E que Moraes!, deve estar suspirando de meia em meia hora o advogado formado na faculdade do Largo de São Francisco. Em março de 2017, ao pousar no Pretório Excelso, o único ministro indicado por Temer, o Breve parecia condenado a um longo estágio na igrejinha dos devotos do agora decano Gilmar Mendes, então governador-geral do Supremo. Neste último domingo de outubro, o discípulo foi homenageado pelo mestre, que considerou “fundamental” o papel desempenhado pelo TSE no ano eleitoral de 2022. TSE é o codinome do ministro que o preside, e Moraes roubou a cena pertencente a candidatos ao transformar-se no mais poderoso. Encerrou a campanha transformado no sem-voto mais poderoso da história política brasileira.
Getúlio Vargas criou o TSE quatro anos depois da Revolução de 1930 para cumprir uma das promessas dos vitoriosos: o sistema judiciário ganharia uma ramificação encarregada de garantir a idoneidade das eleições, desmoralizadas pela fraude epidêmica. Como o advento do Estado Novo oficializou a ditadura, não houve eleições a vigiar até a queda de Getúlio Vargas, a restauração da democracia e a escolha pelo voto do presidente Eurico Dutra. (Sobravam mentiras nos palavrórios de palanque, mas isso só viraria problema muitos anos depois, quando a inverdade vestiu fraque e foi rebatizada em inglês: fake news.)
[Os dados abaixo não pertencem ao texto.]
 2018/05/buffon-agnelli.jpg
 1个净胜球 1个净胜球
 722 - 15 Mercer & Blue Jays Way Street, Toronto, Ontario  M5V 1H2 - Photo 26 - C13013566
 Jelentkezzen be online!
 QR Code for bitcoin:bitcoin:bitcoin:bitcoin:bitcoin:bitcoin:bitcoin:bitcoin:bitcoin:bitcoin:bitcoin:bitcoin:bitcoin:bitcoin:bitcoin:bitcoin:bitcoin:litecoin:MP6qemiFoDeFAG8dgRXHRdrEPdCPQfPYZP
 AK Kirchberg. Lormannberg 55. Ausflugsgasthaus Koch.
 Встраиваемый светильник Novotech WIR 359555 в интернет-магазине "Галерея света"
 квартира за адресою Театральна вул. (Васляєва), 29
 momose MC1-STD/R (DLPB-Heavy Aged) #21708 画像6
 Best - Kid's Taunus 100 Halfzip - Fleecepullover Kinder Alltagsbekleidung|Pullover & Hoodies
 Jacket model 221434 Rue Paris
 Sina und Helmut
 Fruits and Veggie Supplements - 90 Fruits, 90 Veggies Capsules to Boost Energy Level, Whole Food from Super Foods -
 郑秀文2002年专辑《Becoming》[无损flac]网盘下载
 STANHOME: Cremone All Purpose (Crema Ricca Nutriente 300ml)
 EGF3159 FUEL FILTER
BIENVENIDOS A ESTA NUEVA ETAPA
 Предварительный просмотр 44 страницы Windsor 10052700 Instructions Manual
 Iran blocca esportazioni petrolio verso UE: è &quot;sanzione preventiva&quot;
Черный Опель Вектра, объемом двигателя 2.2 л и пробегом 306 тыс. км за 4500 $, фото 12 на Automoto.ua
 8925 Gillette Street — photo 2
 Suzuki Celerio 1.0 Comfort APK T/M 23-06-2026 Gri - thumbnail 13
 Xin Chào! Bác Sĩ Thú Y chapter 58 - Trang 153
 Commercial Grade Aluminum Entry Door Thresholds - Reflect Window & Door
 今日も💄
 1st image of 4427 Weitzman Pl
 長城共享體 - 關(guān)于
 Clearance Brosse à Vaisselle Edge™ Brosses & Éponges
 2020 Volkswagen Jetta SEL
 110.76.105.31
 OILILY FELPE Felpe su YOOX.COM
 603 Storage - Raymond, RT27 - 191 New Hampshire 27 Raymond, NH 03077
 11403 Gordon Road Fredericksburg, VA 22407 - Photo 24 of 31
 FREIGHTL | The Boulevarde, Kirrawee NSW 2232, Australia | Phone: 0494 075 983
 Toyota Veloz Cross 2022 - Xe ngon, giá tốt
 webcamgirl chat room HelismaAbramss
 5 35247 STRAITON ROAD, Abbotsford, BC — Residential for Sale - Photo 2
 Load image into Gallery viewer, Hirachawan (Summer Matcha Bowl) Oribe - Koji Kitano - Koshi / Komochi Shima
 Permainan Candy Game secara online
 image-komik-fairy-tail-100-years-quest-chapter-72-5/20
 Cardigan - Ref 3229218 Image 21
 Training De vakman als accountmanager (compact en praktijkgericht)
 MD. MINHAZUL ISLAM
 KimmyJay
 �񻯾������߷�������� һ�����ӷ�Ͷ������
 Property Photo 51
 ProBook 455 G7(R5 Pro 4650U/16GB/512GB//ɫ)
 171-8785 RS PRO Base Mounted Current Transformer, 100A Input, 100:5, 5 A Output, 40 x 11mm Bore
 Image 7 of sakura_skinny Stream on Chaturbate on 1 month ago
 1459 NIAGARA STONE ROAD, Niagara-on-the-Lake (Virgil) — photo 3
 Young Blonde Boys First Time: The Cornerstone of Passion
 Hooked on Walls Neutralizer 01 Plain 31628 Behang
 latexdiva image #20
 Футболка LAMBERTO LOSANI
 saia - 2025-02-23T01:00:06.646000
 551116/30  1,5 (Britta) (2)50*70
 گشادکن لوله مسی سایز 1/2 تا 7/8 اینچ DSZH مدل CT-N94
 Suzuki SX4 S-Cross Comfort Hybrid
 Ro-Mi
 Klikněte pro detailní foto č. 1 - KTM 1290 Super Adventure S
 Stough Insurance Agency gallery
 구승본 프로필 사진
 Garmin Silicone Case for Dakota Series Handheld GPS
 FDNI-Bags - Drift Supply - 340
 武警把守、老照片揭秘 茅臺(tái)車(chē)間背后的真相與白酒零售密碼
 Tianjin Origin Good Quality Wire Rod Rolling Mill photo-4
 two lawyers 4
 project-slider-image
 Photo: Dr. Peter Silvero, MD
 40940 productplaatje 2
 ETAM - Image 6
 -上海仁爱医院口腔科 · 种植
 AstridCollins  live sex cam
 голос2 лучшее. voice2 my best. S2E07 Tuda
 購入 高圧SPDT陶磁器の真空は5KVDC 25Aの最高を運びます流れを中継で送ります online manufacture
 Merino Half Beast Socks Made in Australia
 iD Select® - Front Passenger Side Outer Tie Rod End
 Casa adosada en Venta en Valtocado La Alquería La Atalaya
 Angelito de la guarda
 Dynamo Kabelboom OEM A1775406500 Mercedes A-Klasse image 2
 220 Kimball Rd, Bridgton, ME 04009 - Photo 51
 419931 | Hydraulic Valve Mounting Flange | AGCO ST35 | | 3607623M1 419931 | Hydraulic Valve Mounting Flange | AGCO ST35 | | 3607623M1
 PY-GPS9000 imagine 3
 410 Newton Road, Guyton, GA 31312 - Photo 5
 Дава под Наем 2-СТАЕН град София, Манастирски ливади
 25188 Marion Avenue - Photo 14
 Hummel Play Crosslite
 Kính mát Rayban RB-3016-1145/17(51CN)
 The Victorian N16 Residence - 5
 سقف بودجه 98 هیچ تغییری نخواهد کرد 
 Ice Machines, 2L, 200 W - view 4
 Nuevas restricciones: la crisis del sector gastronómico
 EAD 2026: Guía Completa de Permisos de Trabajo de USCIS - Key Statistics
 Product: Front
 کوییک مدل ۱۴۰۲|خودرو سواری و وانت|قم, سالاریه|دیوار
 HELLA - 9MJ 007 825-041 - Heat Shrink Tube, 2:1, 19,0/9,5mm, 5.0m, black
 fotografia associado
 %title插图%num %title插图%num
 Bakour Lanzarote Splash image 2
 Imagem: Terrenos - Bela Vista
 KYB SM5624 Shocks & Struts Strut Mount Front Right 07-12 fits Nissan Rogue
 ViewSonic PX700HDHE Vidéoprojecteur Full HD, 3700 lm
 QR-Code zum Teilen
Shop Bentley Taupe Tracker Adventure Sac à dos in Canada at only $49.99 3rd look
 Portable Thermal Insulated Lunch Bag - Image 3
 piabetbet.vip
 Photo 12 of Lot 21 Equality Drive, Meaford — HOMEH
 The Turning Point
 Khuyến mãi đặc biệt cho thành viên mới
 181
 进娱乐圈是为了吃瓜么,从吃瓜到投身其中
A vocação para o arbítrio manifestou-se já em maio de 1947, quando o TSE proibiu a existência do Partido Comunista Brasileiro. O surto de prepotência expandiu-se em janeiro de 1948, com a cassação dos mandatos do senador Luiz Carlos Prestes e dos deputados eleitos pelo partido proscrito. Nos anos seguintes, a Justiça Eleitoral pareceu dormir o sono dos desnecessários até a eleição presidencial de 2014. Quatro anos depois, o TSE deixou de ser figurante para sair à caça do protagonismo. Ganhou espaços no noticiário em 2018, já escancarando a antipatia por Jair Bolsonaro. Desde janeiro de 2019, o Supremo Tribunal Federal vem infernizando a vida do presidente da República. E o seu puxadinho eleitoreiro se transformou no mais belicoso inimigo do chefe do Poder Executivo.
O grupo de sete integrantes do TSE é composto de três ministros do STF, dois ministros do Superior Tribunal de Justiça e dois advogados providos de notável saber jurídico e reputação ilibada. O presidente e o vice têm de ser titulares do Timão da Toga. O corregedor-geral é indicado pela trinca do Supremo. Em 2022, sucederam-se na chefia do tribunal os ministros Luís Roberto Barroso, Edson Fachin e Alexandre de Moraes. Não havia perigo de melhorar. Barroso foi ao Congresso para explicar aos parlamentares que o poder não se ganha; toma-se. Fachin inventou a Lei do CEP para soltar Lula da cadeia.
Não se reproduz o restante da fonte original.